Do the tires need replacing. Maybe theres a problem with them, bad tracking, other damage etc. Judge on the condition not the age. Do you know how to check wear on a tire, and do you check the wear indicators? Are the tires at the right pressure?


----------



## dariuscork (27 Jan 2009)

Ok,finally got what was done,oil change=26.50,filter=5.90,fuel filter=19.20,air filter=22.90,break light switch=37.00,brake pads=34.00,bulbs=18.00,coolant=8.00,engine check on computer=78.00,labour=185.00,total bill=490.00,does it seem ok?????


----------



## joeysully (27 Jan 2009)

did you have any brake lights working at all


----------



## dariuscork (27 Jan 2009)

Actually I thought I did ya,but the post is about the price.


----------



## joeysully (27 Jan 2009)

dariuscork said:


> post is about the price.




agreed 

well i do most of my own servicing at home and the price you were charged for parts is not bad! and 3 hours labor - it would take that long to do this work..


----------



## Caveat (27 Jan 2009)

joeysully said:


> ...3 hours labor - it would take that long to do this work..


 
Mightn't necessarily be 3 hours - maybe an Audi dealer with a high hourly labour rate?


----------



## Irishchappie (27 Jan 2009)

Jeez €500 does sound like an awful lot for a standard service.. I go to a place that do VAG commercials here in Dublin to get mine serviced, still get the dealer stamp when servicing but much more reasonable.

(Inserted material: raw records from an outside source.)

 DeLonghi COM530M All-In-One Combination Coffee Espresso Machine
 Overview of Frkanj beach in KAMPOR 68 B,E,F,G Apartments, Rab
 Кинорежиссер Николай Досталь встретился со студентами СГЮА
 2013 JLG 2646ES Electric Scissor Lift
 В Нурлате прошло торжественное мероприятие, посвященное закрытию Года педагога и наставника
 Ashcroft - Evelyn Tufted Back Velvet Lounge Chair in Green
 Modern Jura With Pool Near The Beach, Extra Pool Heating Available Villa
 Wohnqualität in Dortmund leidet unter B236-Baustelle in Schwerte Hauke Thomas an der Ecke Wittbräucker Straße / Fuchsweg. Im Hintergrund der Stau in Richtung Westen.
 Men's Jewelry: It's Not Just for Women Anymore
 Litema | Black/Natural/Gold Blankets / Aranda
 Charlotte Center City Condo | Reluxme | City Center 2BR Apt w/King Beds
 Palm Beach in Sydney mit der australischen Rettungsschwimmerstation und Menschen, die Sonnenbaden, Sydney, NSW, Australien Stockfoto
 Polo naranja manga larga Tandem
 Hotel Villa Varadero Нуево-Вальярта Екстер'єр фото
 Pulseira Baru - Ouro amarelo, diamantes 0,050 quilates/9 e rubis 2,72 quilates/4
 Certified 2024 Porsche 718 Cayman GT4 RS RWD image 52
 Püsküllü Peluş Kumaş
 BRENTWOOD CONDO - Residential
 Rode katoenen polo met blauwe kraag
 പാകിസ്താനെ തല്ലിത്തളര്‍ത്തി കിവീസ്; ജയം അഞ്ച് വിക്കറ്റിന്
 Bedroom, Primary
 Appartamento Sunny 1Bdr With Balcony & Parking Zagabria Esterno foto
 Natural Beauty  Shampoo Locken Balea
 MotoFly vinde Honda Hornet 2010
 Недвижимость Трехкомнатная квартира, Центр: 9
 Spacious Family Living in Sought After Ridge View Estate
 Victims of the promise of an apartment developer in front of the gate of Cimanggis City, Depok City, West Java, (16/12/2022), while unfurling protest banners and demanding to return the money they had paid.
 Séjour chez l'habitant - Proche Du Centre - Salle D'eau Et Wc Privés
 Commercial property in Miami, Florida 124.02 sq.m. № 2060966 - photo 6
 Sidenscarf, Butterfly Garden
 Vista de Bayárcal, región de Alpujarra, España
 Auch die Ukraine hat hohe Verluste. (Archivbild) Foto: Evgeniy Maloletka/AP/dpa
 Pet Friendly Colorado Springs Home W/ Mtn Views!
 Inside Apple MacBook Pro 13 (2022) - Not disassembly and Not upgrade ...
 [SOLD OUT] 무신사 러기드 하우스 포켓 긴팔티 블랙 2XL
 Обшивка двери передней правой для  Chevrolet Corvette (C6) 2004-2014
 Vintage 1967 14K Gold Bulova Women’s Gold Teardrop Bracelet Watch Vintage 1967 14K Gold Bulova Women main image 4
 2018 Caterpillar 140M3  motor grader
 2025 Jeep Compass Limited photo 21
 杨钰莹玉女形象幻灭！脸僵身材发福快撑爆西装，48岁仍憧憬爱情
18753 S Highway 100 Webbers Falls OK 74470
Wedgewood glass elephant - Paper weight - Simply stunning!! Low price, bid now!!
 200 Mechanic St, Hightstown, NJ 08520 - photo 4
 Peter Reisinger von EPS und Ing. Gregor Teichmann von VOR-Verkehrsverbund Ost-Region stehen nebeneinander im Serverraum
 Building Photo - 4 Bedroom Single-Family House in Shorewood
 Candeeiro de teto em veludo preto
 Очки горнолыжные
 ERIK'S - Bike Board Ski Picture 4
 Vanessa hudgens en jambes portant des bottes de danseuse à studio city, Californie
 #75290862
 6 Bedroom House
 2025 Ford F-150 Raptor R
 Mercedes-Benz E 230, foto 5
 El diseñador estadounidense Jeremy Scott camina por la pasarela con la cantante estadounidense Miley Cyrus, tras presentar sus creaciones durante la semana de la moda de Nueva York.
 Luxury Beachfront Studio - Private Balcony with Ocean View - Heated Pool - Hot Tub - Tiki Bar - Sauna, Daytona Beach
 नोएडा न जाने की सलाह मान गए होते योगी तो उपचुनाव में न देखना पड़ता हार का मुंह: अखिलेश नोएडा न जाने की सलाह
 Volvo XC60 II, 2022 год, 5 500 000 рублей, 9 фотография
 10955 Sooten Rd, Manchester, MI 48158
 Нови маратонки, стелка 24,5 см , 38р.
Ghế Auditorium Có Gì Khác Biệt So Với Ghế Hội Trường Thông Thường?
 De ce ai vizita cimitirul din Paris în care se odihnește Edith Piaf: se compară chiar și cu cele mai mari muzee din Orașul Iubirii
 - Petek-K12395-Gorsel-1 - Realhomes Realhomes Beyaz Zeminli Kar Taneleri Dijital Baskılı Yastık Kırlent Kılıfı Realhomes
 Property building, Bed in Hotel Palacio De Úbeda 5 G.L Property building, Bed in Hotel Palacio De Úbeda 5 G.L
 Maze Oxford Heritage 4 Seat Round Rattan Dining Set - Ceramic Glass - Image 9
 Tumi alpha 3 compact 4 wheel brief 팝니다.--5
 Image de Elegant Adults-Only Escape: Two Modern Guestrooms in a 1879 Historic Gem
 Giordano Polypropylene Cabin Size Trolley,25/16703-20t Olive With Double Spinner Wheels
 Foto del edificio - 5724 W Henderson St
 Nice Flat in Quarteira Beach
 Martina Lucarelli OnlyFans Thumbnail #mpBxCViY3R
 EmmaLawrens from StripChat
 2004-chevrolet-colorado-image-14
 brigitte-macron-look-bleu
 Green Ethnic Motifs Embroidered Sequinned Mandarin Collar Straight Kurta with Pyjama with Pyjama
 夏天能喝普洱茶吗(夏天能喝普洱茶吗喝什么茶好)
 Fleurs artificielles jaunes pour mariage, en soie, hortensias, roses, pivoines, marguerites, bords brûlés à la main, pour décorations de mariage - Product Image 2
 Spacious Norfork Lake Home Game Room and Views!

Last time was a full service on an A6, timing belt and water pump done, 2 new brake disks on front, full set of brake pads and that only cost me just over the €1k mark

I.C


----------



## mathepac (27 Jan 2009)

oil change=26.50 (Good price for 4 ltrs of VW spec oil; I pay €40/5 litres inc VAT)
oil filter=5.90 (Good price)
fuel filter=19.20 (Good price, they can be as much as €50)
brake light switch=37.00 (There was a factory recall on these as they caused EML to come on)
brake pads=34.00 (Good price if front pads, expensive if rears)
bulbs=18.00 (Rear bulbs cost about €1/€2 each, main-beams €4, side-lights & fogs €10 each)
coolant=8.00 (they must have replaced it all, €9/1.5 litre undiluted VW G12+)
engine check on computer=78.00 (Ridiculous charge - it takes 5 minutes)
labour=185.00 (2 hours max - seems high)


----------



## Irishchappie (27 Jan 2009)

mathepac said:


> brake light switch=37.00 (There was a factory recall on these as they caused EML to come on)



Arent factory recalls supposed to be free??? Covered by the car maunfacturer?



mathepac said:


> labour=185.00 (2 hours max - seems high)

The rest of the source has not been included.